Many positive words can describe my precious husband: kind, persistent, tolerant, loving, faithful, humble, honest, generous, wise. He has often said that the character trait that has helped him to achieve the most is perseverance–as he pursued me, his Ph.D., professional speaking, and, of course, God.
But one of his prominent characteristics is being cautious. I’m sure his caution has saved our lives at times, though exasperating at others. When a traffic light turns green, he still looks both ways before pulling into the intersection. More than once, as a speeding car runs the red light, I realize that he saved us from being hit. He always drives defensively, sometimes making me impatient that he won’t just take off.
He was cautious about asking me out when we were at Lipscomb University together. We sat beside each other in chapel and three classes, but he kept checking me out, not sure whether he wanted to date me or not. (I was equally uncertain about him.) Glad that one worked out.
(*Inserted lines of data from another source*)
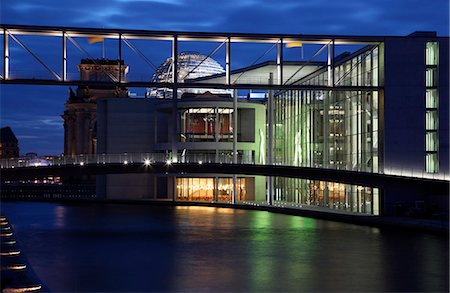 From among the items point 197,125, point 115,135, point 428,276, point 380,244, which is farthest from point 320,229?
point 115,135

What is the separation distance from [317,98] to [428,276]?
43.8 metres

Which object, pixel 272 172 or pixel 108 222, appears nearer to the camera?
pixel 108 222

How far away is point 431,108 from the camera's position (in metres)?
57.2

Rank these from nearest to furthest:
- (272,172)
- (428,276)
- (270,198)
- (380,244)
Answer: (428,276) → (380,244) → (272,172) → (270,198)

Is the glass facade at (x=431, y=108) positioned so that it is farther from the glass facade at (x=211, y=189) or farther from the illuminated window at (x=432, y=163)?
the glass facade at (x=211, y=189)

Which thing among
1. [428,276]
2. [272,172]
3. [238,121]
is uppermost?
[238,121]

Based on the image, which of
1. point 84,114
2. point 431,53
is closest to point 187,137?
point 431,53

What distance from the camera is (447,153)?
187ft

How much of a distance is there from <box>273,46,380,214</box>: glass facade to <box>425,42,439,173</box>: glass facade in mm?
3736

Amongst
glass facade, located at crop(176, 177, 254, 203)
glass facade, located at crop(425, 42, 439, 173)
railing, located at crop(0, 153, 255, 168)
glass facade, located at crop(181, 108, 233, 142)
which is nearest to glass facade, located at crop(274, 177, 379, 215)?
glass facade, located at crop(176, 177, 254, 203)

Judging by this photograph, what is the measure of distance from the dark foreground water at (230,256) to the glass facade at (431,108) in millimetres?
9254

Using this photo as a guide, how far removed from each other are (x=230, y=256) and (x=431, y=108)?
2738cm

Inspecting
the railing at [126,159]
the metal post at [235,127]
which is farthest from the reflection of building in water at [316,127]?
the railing at [126,159]

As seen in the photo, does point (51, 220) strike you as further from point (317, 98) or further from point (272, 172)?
point (317, 98) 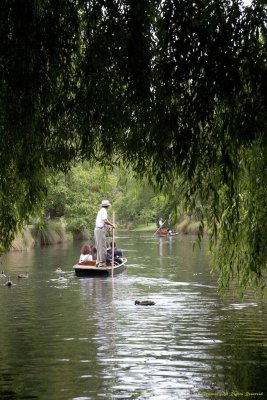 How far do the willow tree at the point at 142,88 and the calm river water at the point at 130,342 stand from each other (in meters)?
2.57

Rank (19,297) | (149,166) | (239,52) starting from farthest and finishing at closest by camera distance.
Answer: (19,297), (149,166), (239,52)

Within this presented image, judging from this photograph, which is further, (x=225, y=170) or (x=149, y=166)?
A: (x=149, y=166)

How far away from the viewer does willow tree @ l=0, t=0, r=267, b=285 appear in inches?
234

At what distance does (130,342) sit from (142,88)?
6435 millimetres

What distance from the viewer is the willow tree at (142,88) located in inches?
234

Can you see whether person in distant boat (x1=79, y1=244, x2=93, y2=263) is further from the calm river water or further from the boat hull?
the calm river water

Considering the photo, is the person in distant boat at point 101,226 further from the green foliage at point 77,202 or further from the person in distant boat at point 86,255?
the green foliage at point 77,202

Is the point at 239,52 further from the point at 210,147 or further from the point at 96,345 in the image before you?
the point at 96,345

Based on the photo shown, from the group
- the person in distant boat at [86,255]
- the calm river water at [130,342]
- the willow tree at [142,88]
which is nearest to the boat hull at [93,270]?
the person in distant boat at [86,255]

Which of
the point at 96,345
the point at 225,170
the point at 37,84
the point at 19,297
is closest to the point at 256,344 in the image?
the point at 96,345

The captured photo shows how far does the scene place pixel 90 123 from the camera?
22.3ft

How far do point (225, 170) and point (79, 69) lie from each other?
180 cm

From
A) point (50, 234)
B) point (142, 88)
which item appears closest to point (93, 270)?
point (142, 88)

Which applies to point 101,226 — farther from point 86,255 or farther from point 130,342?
point 130,342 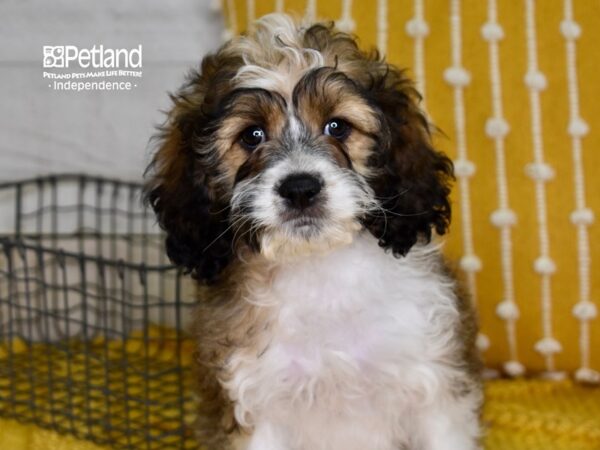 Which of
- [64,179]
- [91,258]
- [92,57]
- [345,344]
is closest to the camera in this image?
[345,344]

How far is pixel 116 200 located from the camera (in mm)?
3420

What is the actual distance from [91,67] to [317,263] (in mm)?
1661

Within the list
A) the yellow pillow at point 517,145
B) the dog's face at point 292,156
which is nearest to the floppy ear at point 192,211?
the dog's face at point 292,156

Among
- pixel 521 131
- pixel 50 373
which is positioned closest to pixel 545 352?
pixel 521 131

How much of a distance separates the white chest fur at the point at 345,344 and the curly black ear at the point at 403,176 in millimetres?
93

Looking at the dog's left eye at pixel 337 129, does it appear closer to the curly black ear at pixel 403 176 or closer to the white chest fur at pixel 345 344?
the curly black ear at pixel 403 176

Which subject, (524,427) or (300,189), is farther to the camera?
(524,427)

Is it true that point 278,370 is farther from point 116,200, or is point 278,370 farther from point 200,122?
point 116,200

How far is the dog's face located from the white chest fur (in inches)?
4.8

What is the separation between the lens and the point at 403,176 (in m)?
2.03

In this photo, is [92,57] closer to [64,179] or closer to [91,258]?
[64,179]

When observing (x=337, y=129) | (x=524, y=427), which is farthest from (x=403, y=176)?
(x=524, y=427)

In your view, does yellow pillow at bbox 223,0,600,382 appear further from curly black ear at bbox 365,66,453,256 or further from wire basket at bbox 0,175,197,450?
wire basket at bbox 0,175,197,450

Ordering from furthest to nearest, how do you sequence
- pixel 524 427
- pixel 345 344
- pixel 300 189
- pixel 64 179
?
1. pixel 64 179
2. pixel 524 427
3. pixel 345 344
4. pixel 300 189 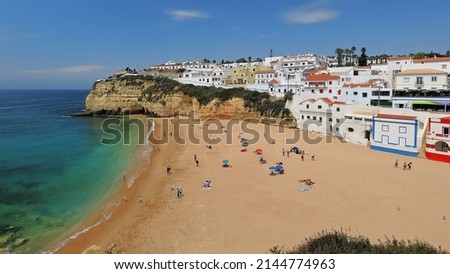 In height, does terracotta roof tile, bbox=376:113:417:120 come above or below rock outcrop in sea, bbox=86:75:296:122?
below

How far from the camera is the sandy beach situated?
15722mm

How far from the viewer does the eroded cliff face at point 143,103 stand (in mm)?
58938

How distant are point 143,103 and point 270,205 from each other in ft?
190

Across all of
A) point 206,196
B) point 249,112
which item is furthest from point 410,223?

He is cautious about money. When he was at the university, he had extra funds taken out of his pay check to put into savings and invested elsewhere as well. I often felt that we needed that money for the family, but he did not. Now I am happy for his monetary caution because that extra has added greatly to our retirement income.
Even though he is cautious, he is still generous. When approached by panhandlers downtown, he will talk to them about their situations. If the man seems to be truly in need of food, he will take him to a nearby fast food restaurant and buy him lunch. Sometimes he gives a dollar to everyone who asks; at other times he introduces himself and asks questions first. He is always cautious, even in his generosity.
He is more cautious than I am in the kitchen. I have cut myself several times over the years, but he usually doesn’t. Last year he bought a new grater and it was so sharp that he cut a chunk out of his knuckle and bled profusely. After that he refused to use that grater. So this year his son and daughter-in-law gave him a special glove to wear so he won’t cut himself when grating cheese or anything else. Another opportunity to be cautious!
He was always cautious with our children and now with our grandchildren. He hovers, he cautions, he protests, when he thinks they are doing anything remotely dangerous, such as climbing on anything or running in the house or church building. When Josh was little, he wouldn’t let him own a football–not even a Nerf one. He didn’t want to take a chance on his son wanting to play football, which certainly can be dangerous. I’d never even considered playing football to be avoided until I met him. Now, after hearing his opinion on football for over fifty years, I’ve come over to his side. Football is dangerous, at any age.
He is cautious about his words. He will go away in silence instead of saying something he might regret. Even when he knows he needs to talk to someone about a problem situation, he cautiously waits for just the right moment to bring up the delicate issue. I get impatient, saying, “Haven’t you talked to him yet?” But his caution often pays off.
He is cautious about climbing ladders, and especially about me climbing ladders, short or tall. He is cautious about walking on dark streets at night, though not about jogging on our dark streets in the wee hours of the morning in our small town. He does our laundry and never uses bleach for anything for fear of ruining something.
When leaving home for a business appointment, he always allows extra time “just in case there’s a traffic problem on the way.” Cautious, yes. But when we are going to other functions, he cuts it so close we are often late. Sometimes I think he starts getting ready at the time we should be leaving.
And yet even when he tries to be cautious, it doesn’t always work. Getting food on ties and on pants, for example, is a constant problem for him. He sometimes puts a towel across his lap when eating, just to avoid ruining his pants. He tucks his tie into his shirt to keep from getting food on it. He takes every precaution to direct his food from his plate to his mouth, and yet all around his seat and in his lap is a sprinkling of crumbs and food particles.
He salts food with great flair, flinging it dramatically over the food and at the same time spreading it all around the table or countertop. Where is that cautious man then?
I do not share his cautious nature; I am more likely to jump into anything before evaluating. (Confession: I’ve had more wrecks and speeding tickets than he has, though none at all in the last six years. I’m learning.)
But I think we are a good balance. He signals me not to speak; I urge him to speak up. I order escargot and love it; he is willing to take my word for it. He tells me to slow down; I pull over and let him drive. He supplies money to those in need; I write the checks. See how it works?
After two years of courtship and 49 years, 5 months, and 3 days of marriage, we’re finally working it all out. I’ve cautiously considered him and his nature, and made a decision. He’s a keeper.